It’s summer, and I have officially completed half of my Master’s in Library & Information Science degree. This past semester has been extremely busy for me - not only was I taking more classes, but I was working 20 hours/week as a Graduate Research Assistant at the Cline Center on campus. And while that meant that I had essentially no free time (hence the utter lack of blog posts), there was nothing that I wanted to drop… so I can only blame myself. And next year looks to be at least as busy! But before I look ahead, I want to take some time to reflect on what I have learned and accomplished during my first year of library school.
The MSLIS degree at UIUC has only two required classes (IS501 & IS502), and I have now completed both.

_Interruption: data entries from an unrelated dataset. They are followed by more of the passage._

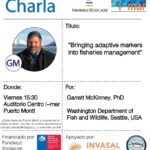 Invitación a Charla | HOY | 15h30 | Auditorio Centro i~imar, Puerto Montt. Si estás interesado y no puedes asistir, solicita el link de conexión a cristian.canales@ulagos.cl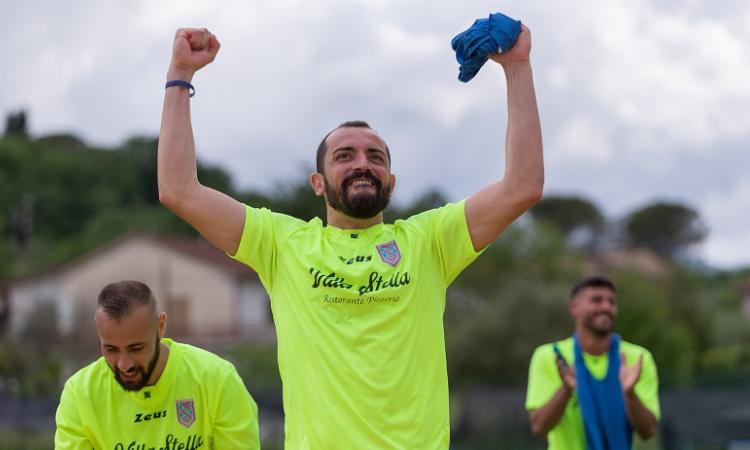 Il Boville prepara il grande colpo: Colafrancesco in arrivo dallo Sterparo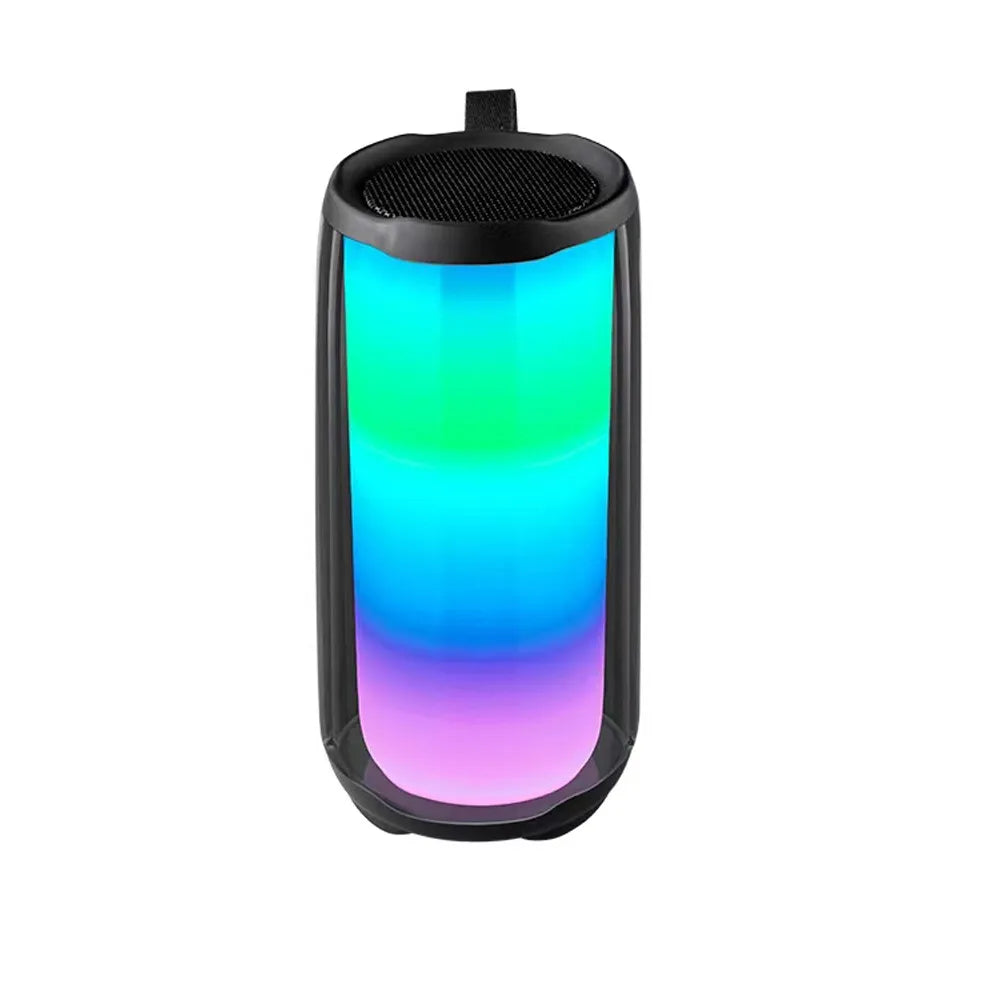 Dynamischer LED-Bluetooth-Lautsprecher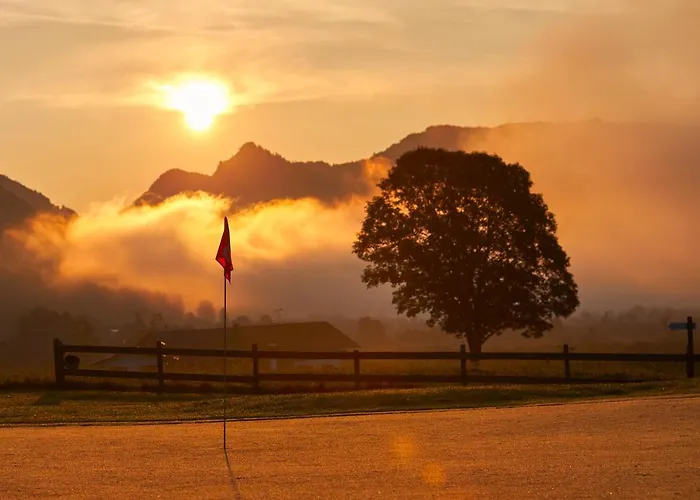 Golf- Und Moarhof 4*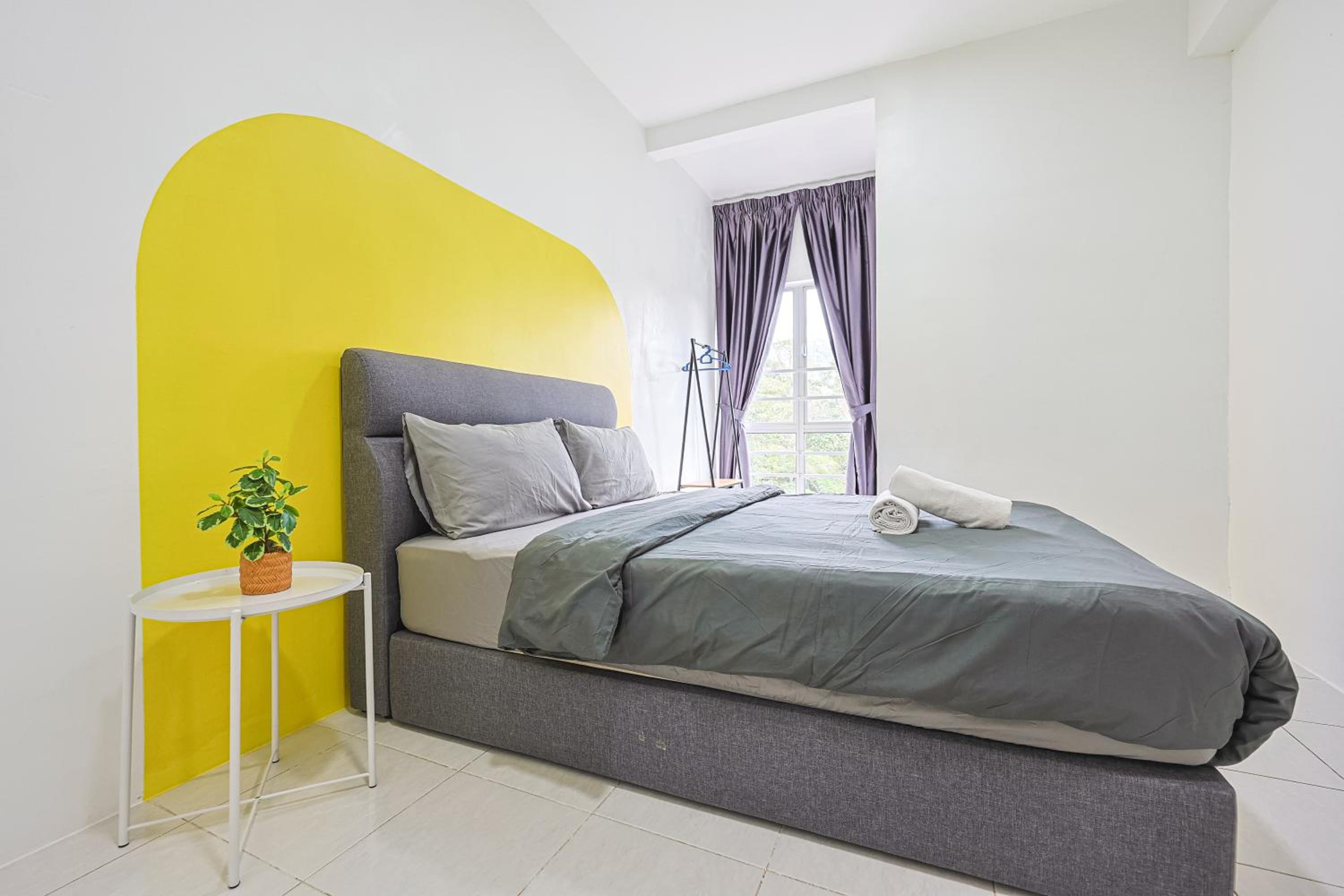 Brinchang Cameron Highland Nest Cool Weather & Cozy 10 Pax Clover Home 8-23A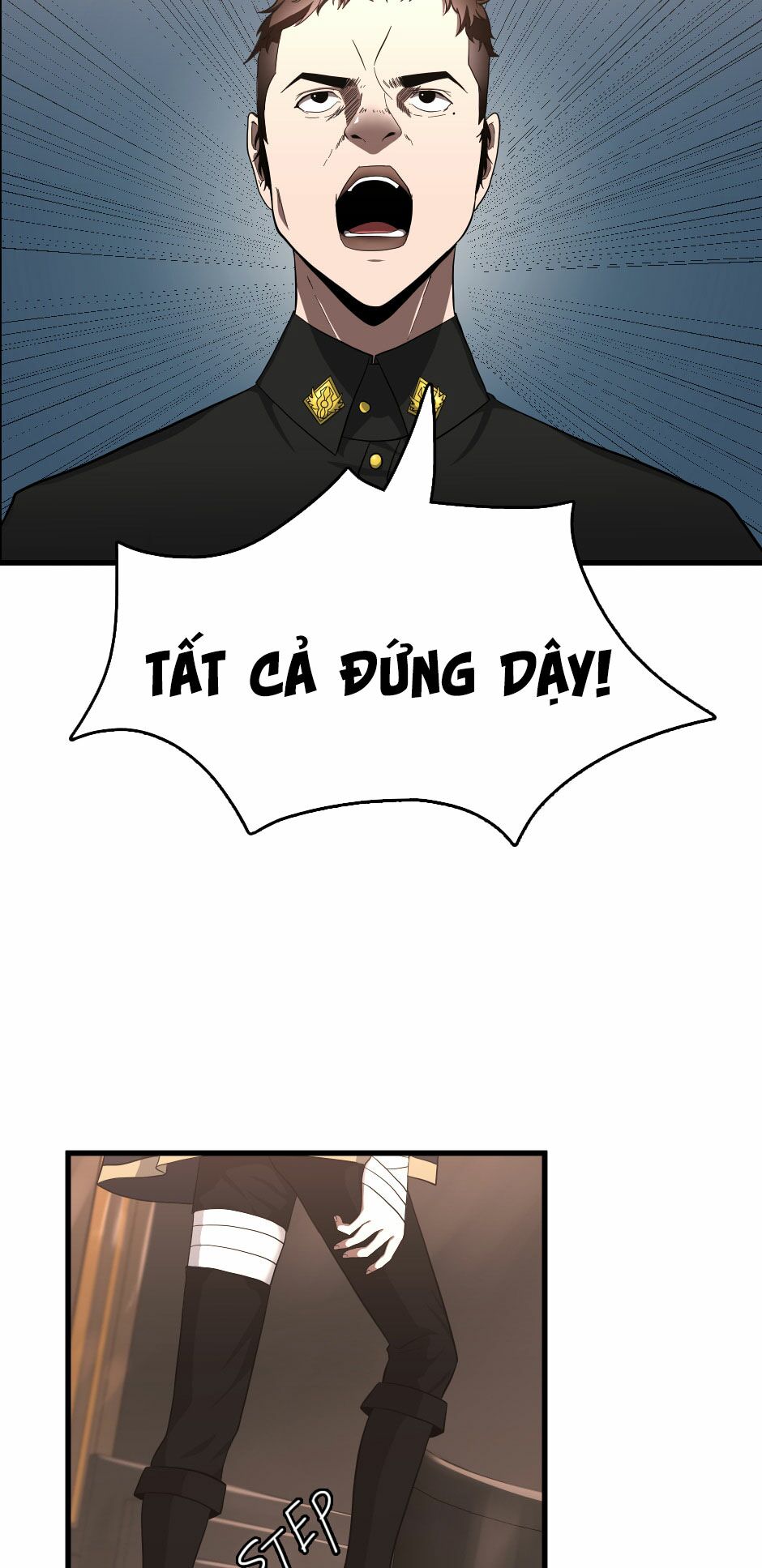 Ánh Sáng Cuối Con Đường: Chapter 73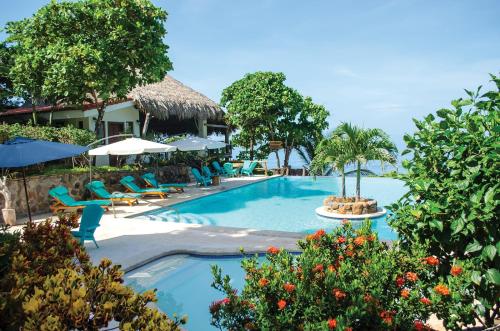Skats, Paraiso Escondido Hotel Villas & Resort in El Zonte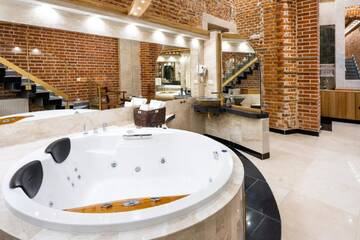 Фото номера Люкс Апарт-отели Aparthotel Stare Miasto г. Краков 4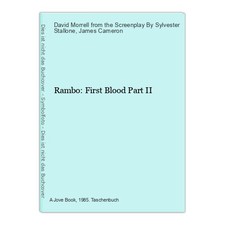 Rambo first blood gebraucht kaufen  Buttenwiesen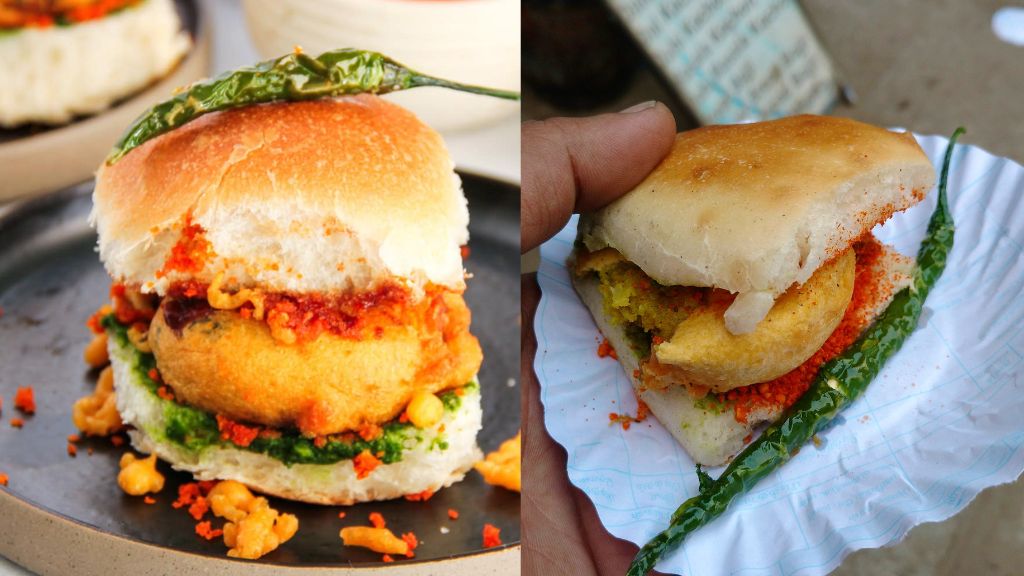 Vada Pav Recipe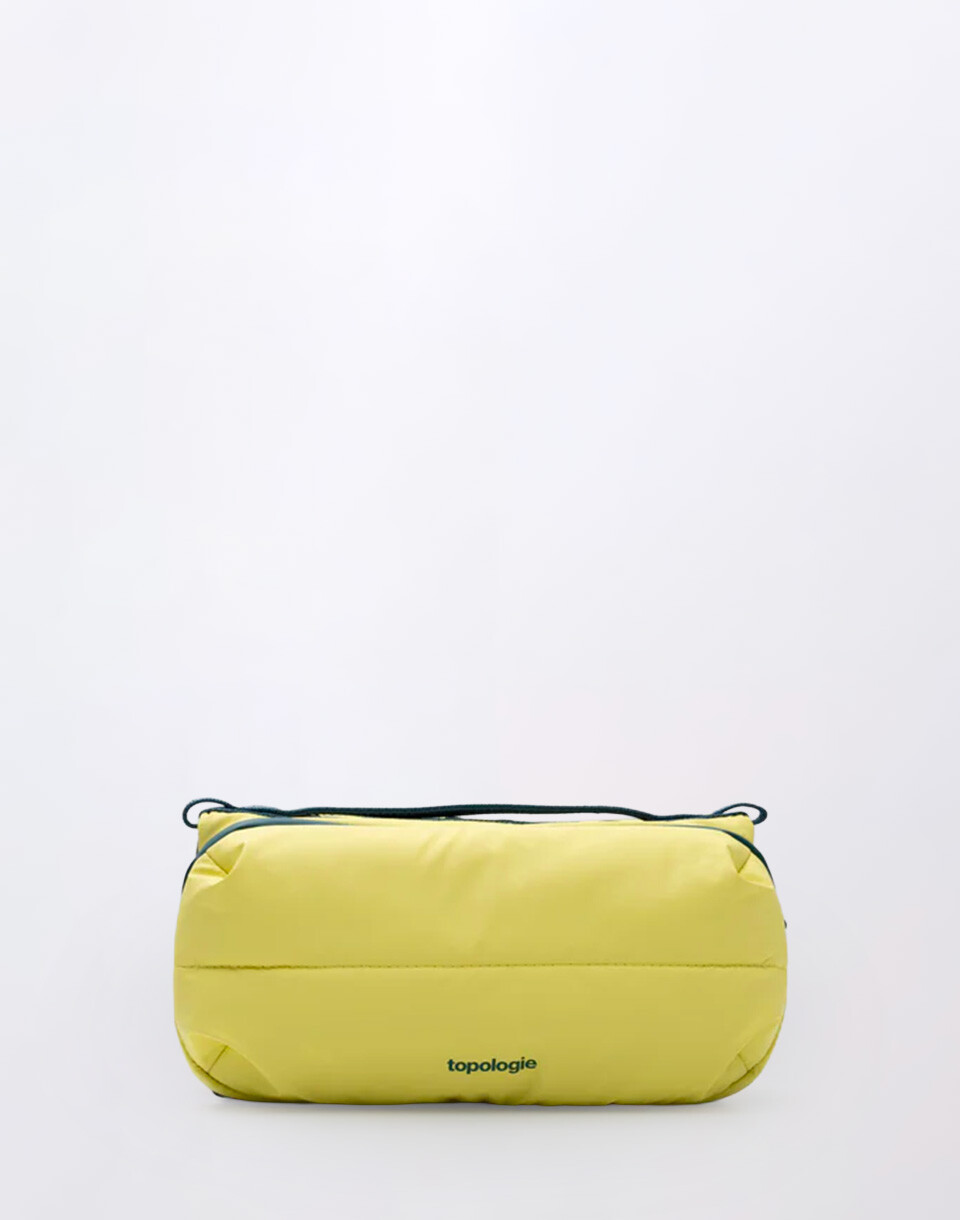 Topologie Bottle Sacoche Medium Canary Yellow Matt Coated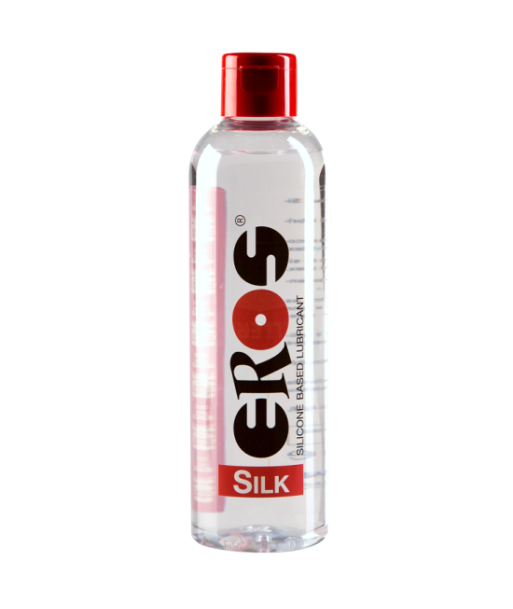 EROS - SILK LUBRICANTE SILICONA MEDICO 100 ML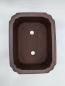Preview: Bonsaischale rechteckig 360mm x 280mm x 110mm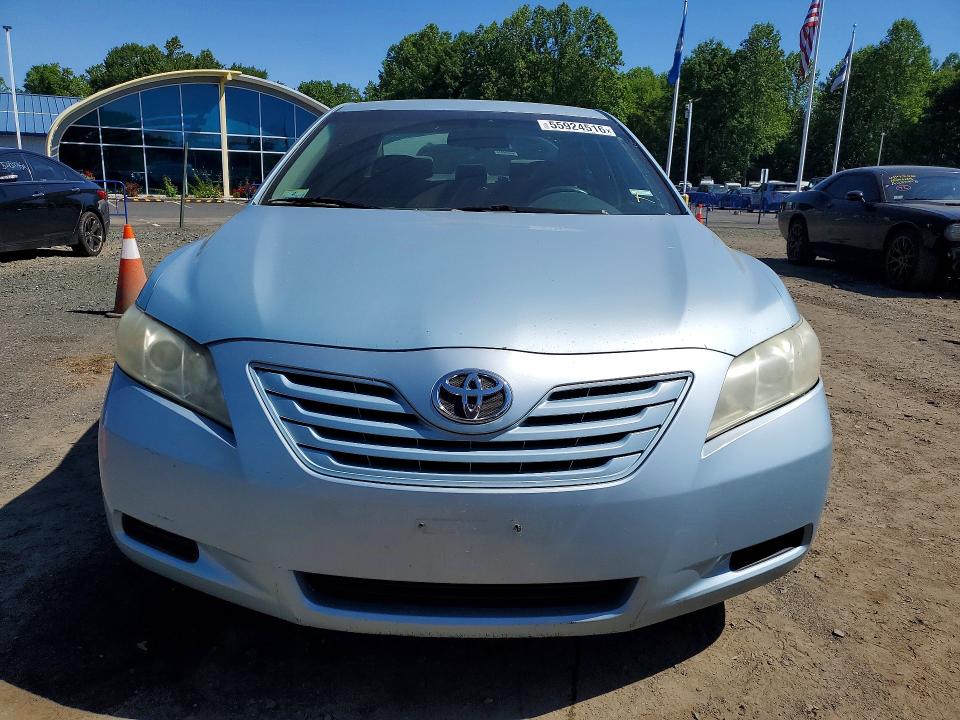 2009 Toyota Camry VIN 4T4BE46K89R102048 COPART salvage auction — FRONT END, Ma - Cert Of Title-Salvage, sold $950 on 2026-07-04 (photo 5)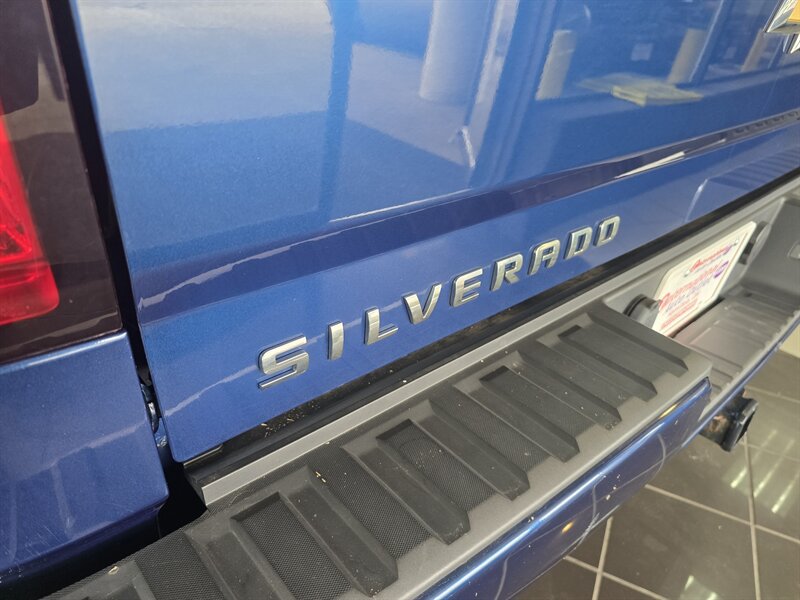Used 2016 Chevrolet Silverado 1500 LT w/ All Star Edition AWD/4WD image 31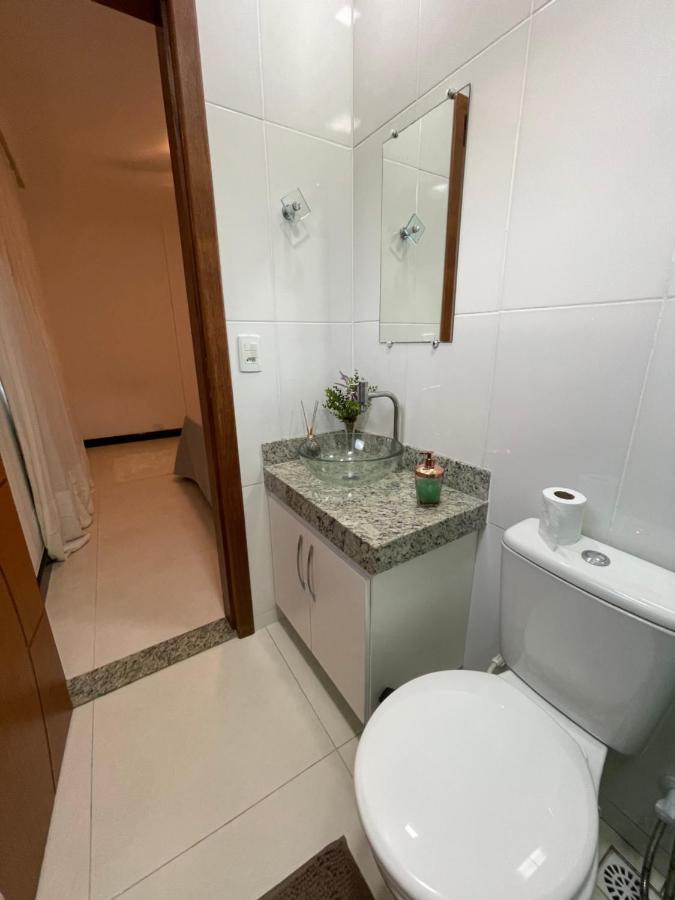 Apartamento Em Santa Teresa Santa Teresa  Exterior foto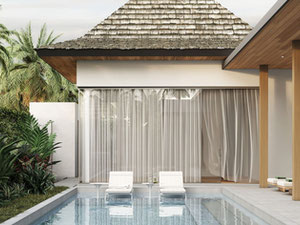 Tajlandia. Phuket. Elitarne wille w premium lokalizacji na wyspie Phuket. Idealne zarówno do stałego zamieszkania, jak i na wynajem i — Wyszukiwarka nieruchomości od deweloperów i właścicieli GEOLN.COM. Zdjęcie 19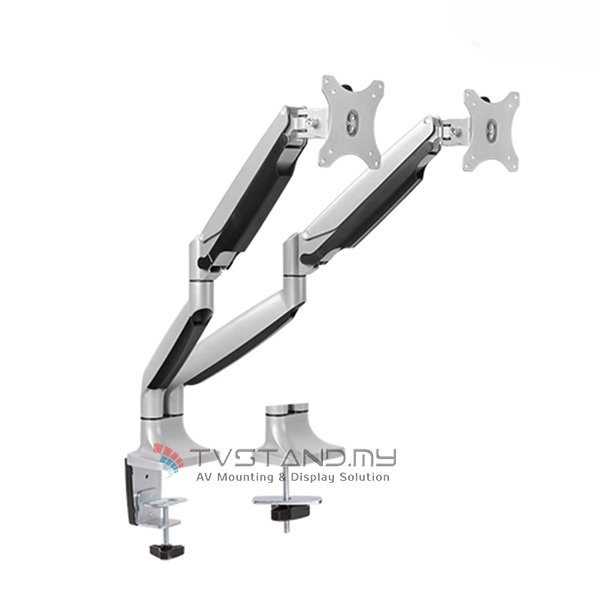 tvstandcabinet's tweet image. Double Full Motion Desk Mount Bracket 13"-27" - DMC10C24-SVR

ow.ly/LRJk30a66fQ

#monitorbracket #stand #mount

@tvstandbracket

The degree also requires 40 credit hours, and I have now completed 24 credit hours - I’ll definitely be going well-over the credit hour requirement by the last semester. My cumulative GPA for the first year is 3.94 - despite an overloaded semester, I was able to earn straight A’s. Check, check, check - from an academic standpoint, my MSLIS degree is going very well.
I chose UIUC and planned my classes with the express purpose of gaining and advancing my technical skills. I had a fairly good idea of what fundamentals were important to learn, and I could hold conversations about various technical concepts. I was familiar enough with the tech world to not be overly intimidated by the concepts we were learning about in class, but not enough to actually be able to accomplish something on my own. Now, just a year later, I have confidence in my ability to solve information problems. I feel like an information magician - in the same way that the magicians in my favorite fantasy novels can manipulate the physical world around them with spells, I can manipulate data in an information world with code - a very empowering feeling in our Information Age. I was able to reach this point by focusing my learning on 3 core concepts:
An information-oriented headspace
Philosophy has always been extremely interesting to me. I love having philosophical debates and learning about new philosophical ideas. There is nothing more important to learning than being able to think critically - and nothing teaches critical thinking skills like philosophy. I have a whole rant about how severely undervalued and underutilized philosophy is in the modern era - but I will save that for another time. The point is, philosophy is important because it is foundational to every field of study… whether you realize it or not.
In the fall I audited a practical philosophy class, PHIL103: Logic & Reasoning. I was introduced to propositional logic - propositions, validity, truth tables, translating arguments into the logical language, probability and the Bayes theorem. Essentially, I learned how to think in a purely logical way - the same way that computer “think”. I was cultivating a logical headspace that proved to be extremely useful in both my database and python classes.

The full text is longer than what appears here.